Alan Leshner, the head of the American Association for the Advancement of Science, has written an article concerning the recent controversy in Georgia over evolution in science classes. What he writes seems to support my contention that all of the public handwringing over the superficial issue of whether to use "evolution" or "changes over time" was a planned distraction. He writes:
In preparing draft standards, Georgia officials sought permission from the American Association for the Advancement of Science (AAAS), the world's largest general science society, to draw upon our national Project 2061 benchmarks-- so named because all students should understand basic science principles by the year Halley's Comet reappears.
Imagine our surprise to find that the resulting Georgia text omits large portions of the Project 2061 evolution benchmarks for grades 9-12, whereas other sections on life-science goals, from heredity to the diversity of life, remain intact in their entirety. Curiously missing from the proposed Georgia standards are our benchmarks dealing with such basic concepts as the origins of life on Earth; common descent; mechanisms of natural selection; information on how natural selection and common descent provide a scientific explanation for evidence in the fossil record; and the similarity within the diversity of existing organisms.
Moreover, one section of the Georgia draft could open the door for teaching non-science based concepts such as creationism or intelligent design theory in science classrooms, and that would be wrong. The scientific community respects diverse viewpoints, and we have no problem, of course, with teaching philosophy and moral concepts in non-science courses. But, such concepts should not be taught as equivalent to scientific theories in science classrooms, lest we mislead students about the criteria for something to be considered scientific. To reap the full benefits of science and technology, it is just as important to know what is and isn't science-based, as it is to know the scientific content itself.

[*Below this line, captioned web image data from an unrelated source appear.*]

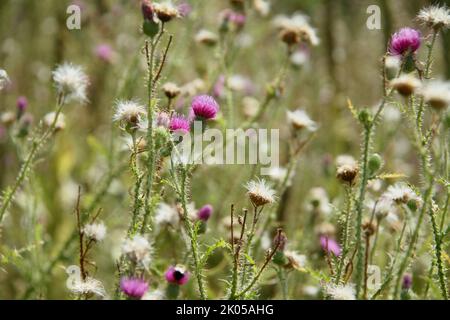 Cirsium vulgare (Bulldistel) in einem Feld in Virginia, USA Stockfoto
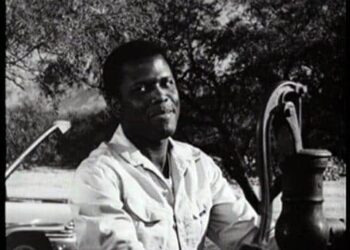 Lilies of the Field: Book vs. Film - Summary & Analysis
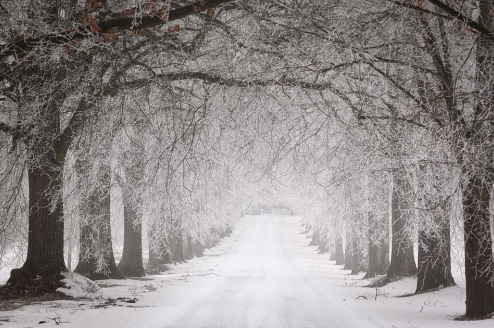 겨울 날씨 관련 사진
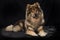 Eurasier dog lying on black background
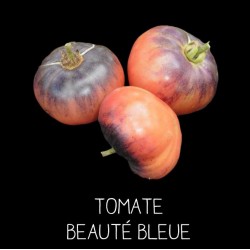 Tomate Beauté Bleue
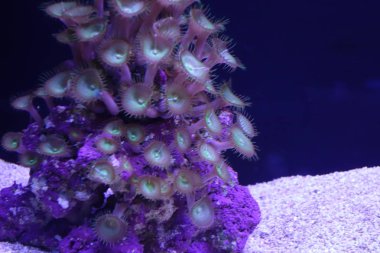 Deniz yaşamı, ya da deniz yaşam veya okyanus yaşam, bitkiler, hayvanlar ve deniz ya da okyanus tuzlu suda yaşayan diğer organizmaların olduğunu.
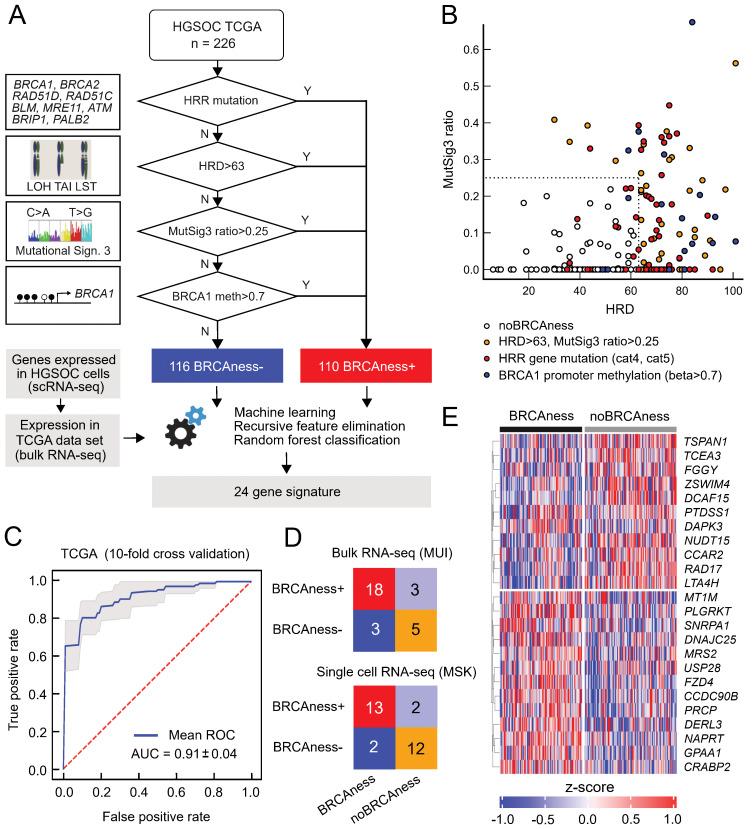 https://cdn.ncbi.nlm.nih.gov/pmc/blobs/3764/11634877/e433b674b013/fimmu-15-1489235-g001.jpg
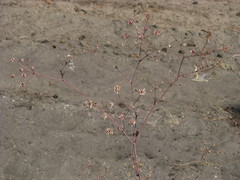 Taeniopetalum arenarium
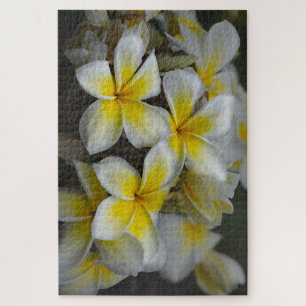 Hawaii Yellow Plumeria Puzzle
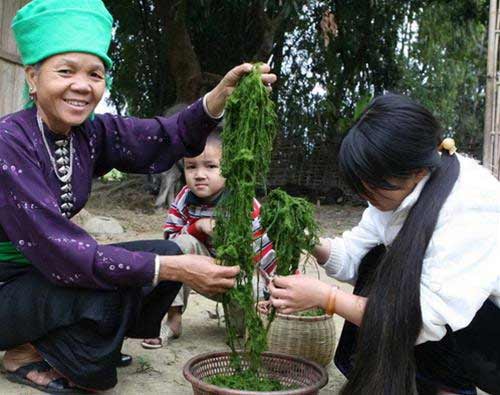 Rêu nộm Lai Châu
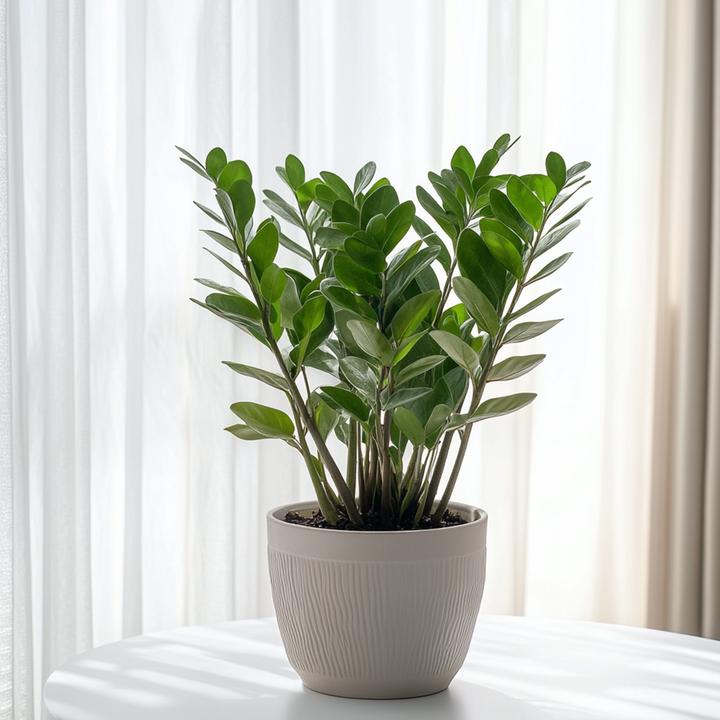 Image du produit Plant in a Box Zamioculcas Zamiifolia - Plume porte-bonheur (65 cm)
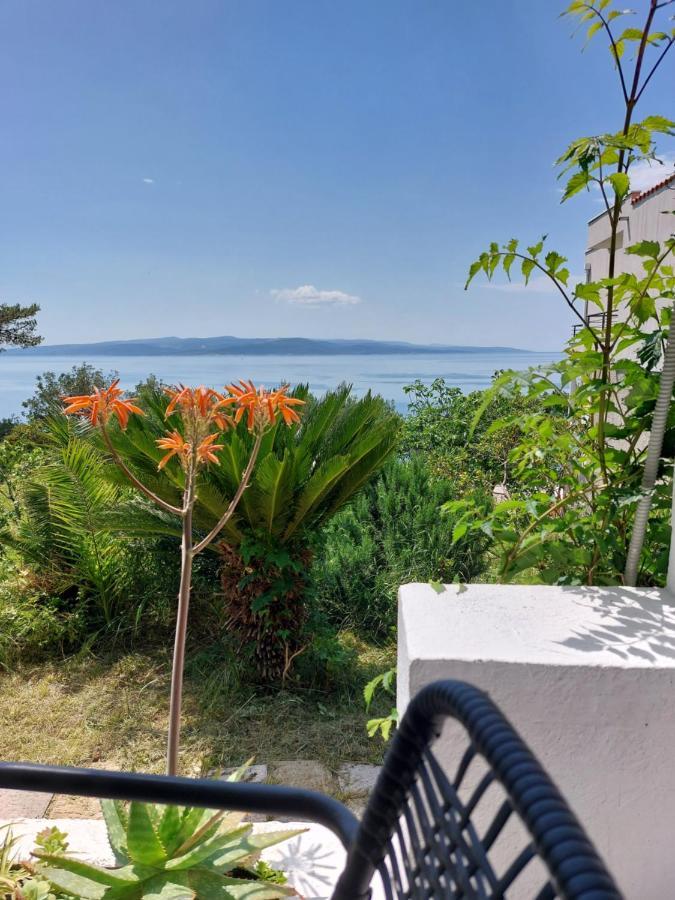 Villa Bratus 普罗马尼亚 外观 照片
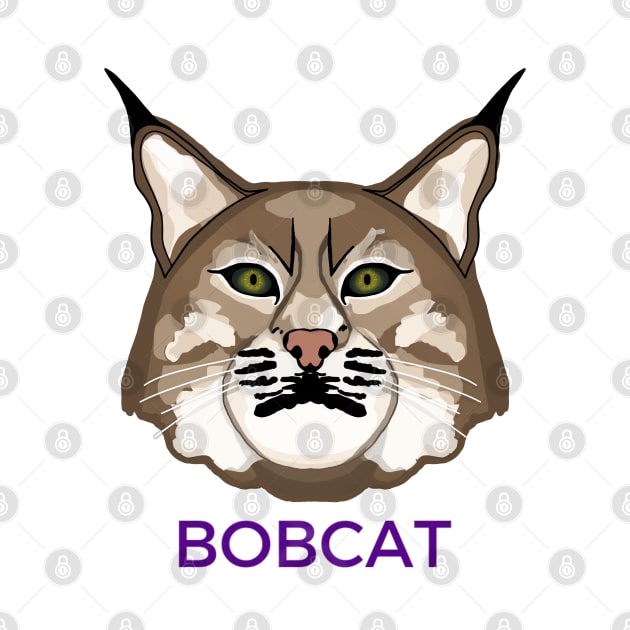 Bobcat by imsnos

Beneath the surface, the new Georgia science standards are a complete boondoggle. They water down science education to the point where good universities are going to stop accepting Georgia students for study in the sciences without taking remedial courses. They will be doing enormous damage to the education of their children and setting thousands of students behind in their goal to become scientists. As Mr. Leshner put it:
But, sticking our heads in the sand-or sticking disclaimers on textbooks-- won't make evolution go away: It will only place Georgia students at a disadvantage in the race to secure slots at top universities, and later, in the workforce and the global arena.